Smart weight watchers find ways to exercise while carrying out everyday activities. They take the stairs instead of the elevator, they walk to the corner store rather than drive, and they use good old-fashioned hard work rather than modern machinery to get things done around the house. Raking leaves rather than using a leaf blower is a good way to burn a few extra calories while getting some crisp fall air.
The American Council for Fitness and Nutrition estimates that the average person burns an average of 150 calories by raking leaves for half an hour.
The American Association of Retired People sets the number slightly lower, saying it is possible to burn 240 calories an hour, or 120 calories for half an hour of raking.
A few factors, mainly weight, affect how many calories you can burn during a given activity. Larger people require more energy to move, so they burn more calories than a smaller person even though they might do the same activity for the same amount of time.
Intensity and form also determine how many calories you'll burn. Really digging into the leaves and contracting your core muscles will create resistance and burn more calories than simply dragging the rake along the surface.
Why It Works
Raking leaves doesn't seem like much of a workout, until you break down the motions. Extending the rake requires the use of the deltoids and trapezius muscles, as well as muscles in your legs. Pulling it back works the laterals, triceps and abdominals. In addition to working the upper body, raking builds the core, or trunk, which stabilizes your body while you're moving.
Bagging the leaves will provide you with additional exercise. Though leaves aren't heavy, you will work your lower body a bit by bending at the knee to pick them up and smashing the leaves into the bag.

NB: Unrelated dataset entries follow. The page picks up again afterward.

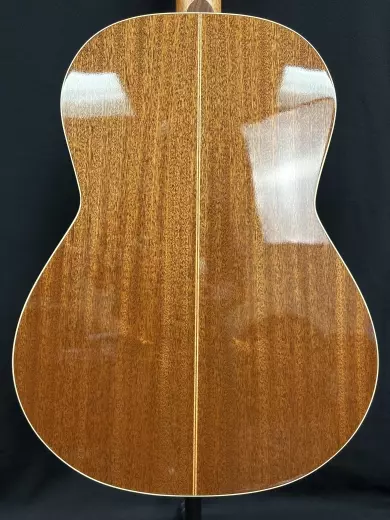 Godin Guitars - Concert 2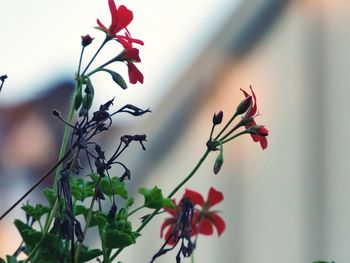 Close-up of red flowers against blurred background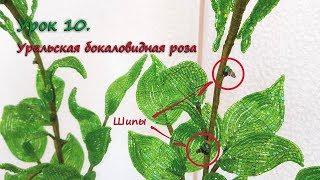 Бокаловидная роза.  Урок 10 - Шипы / Cup-shaped rose. Lesson 10 - Thorns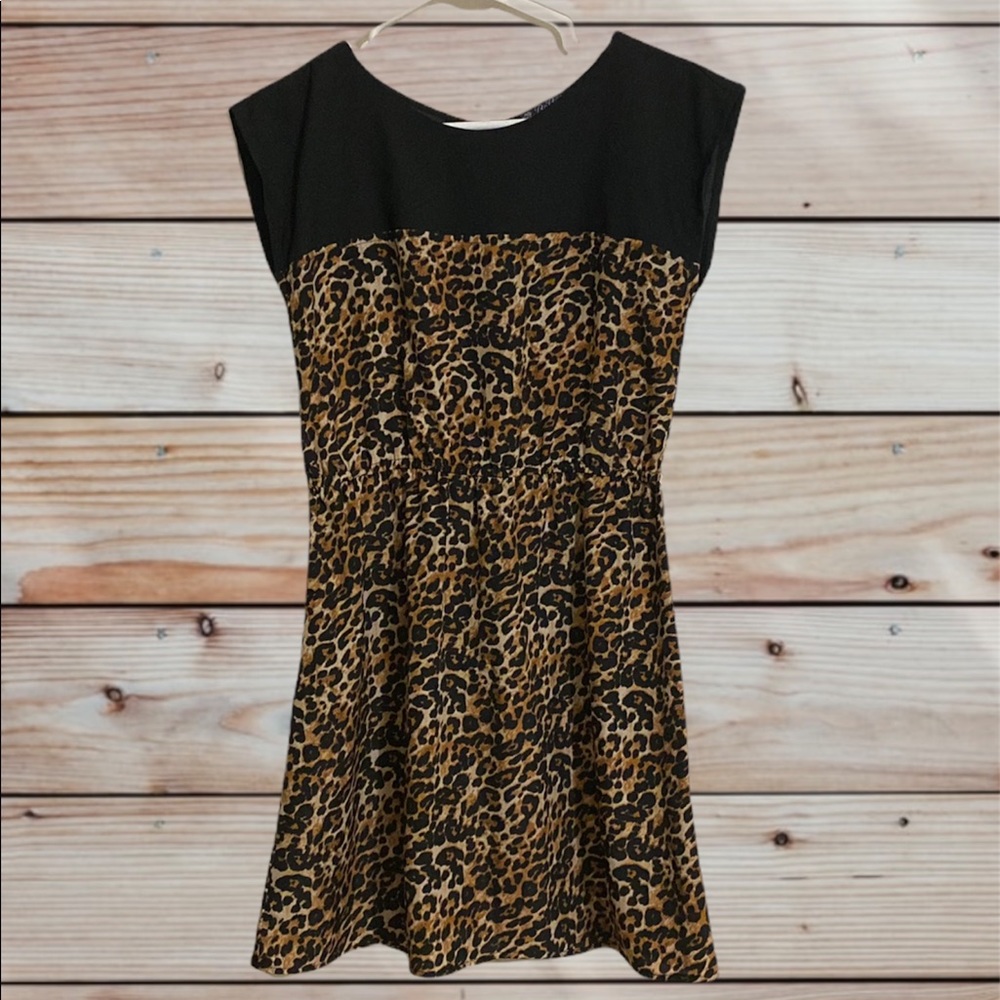 Leopard Print Dress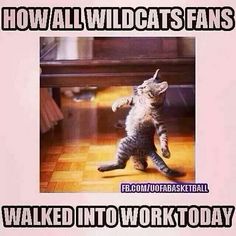 a cat standing on its hind legs in front of a piano with the caption how all wild cats fans walked into work today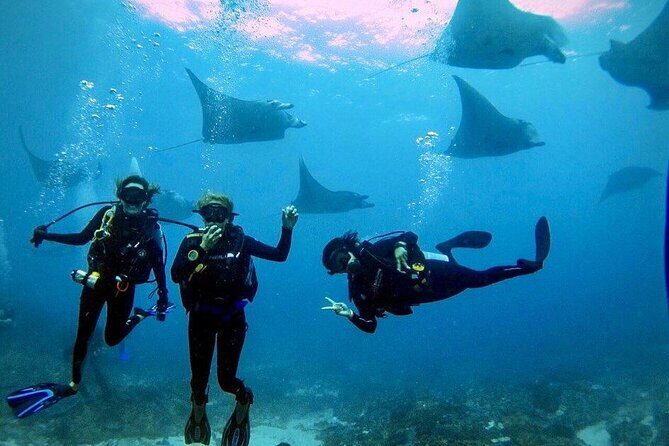PADI Open water Course in Lembongan - Get certified & dive anywhere in the world - Key things to know before you go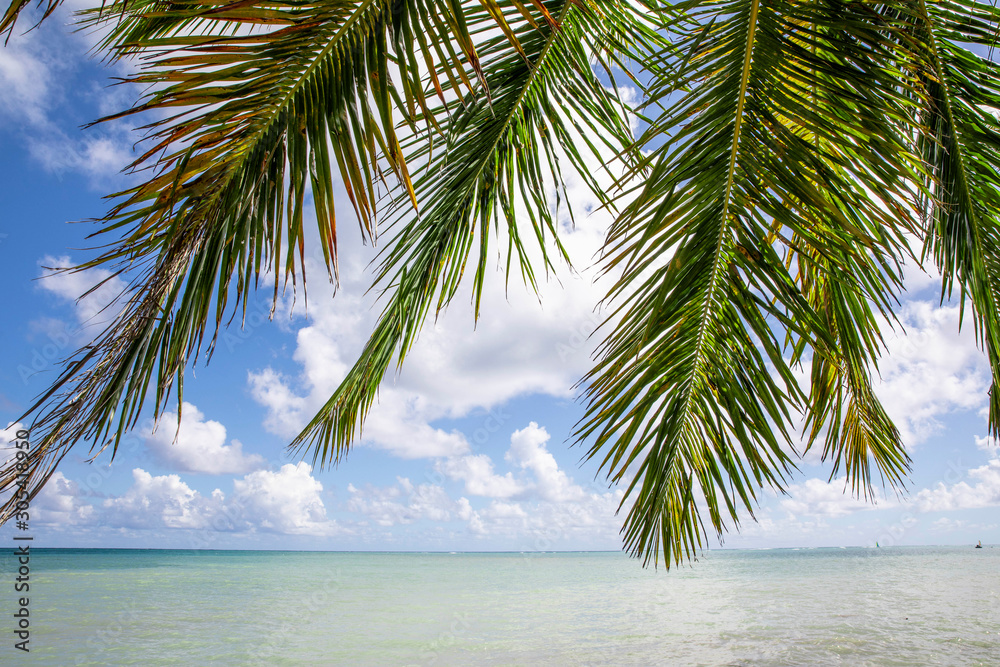 Punta Cana Punta Cana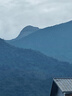 駱駝梭織長(cháng)褲男防潑水寬松闊腿褲情侶戶(hù)外登山工裝風(fēng)休閑長(cháng)褲女 J14CA66645，湖茶綠，男 L 曬單實(shí)拍圖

According to the American Council for Fitness and Nutrition, raking leaves for half an hour burns about as many calories as mowing the lawn for half an hour, shoveling snow for 15 minutes or gardening for 30 to 45 minutes.
Intensity and Safety
Raking leaves at a moderate pace provides an aerobic workout roughly equivalent to a brisk walk, so if your doctor finds that you are healthy enough to take walks, you should be able to rake leaves as well, barring extenuating circumstances such as back problems.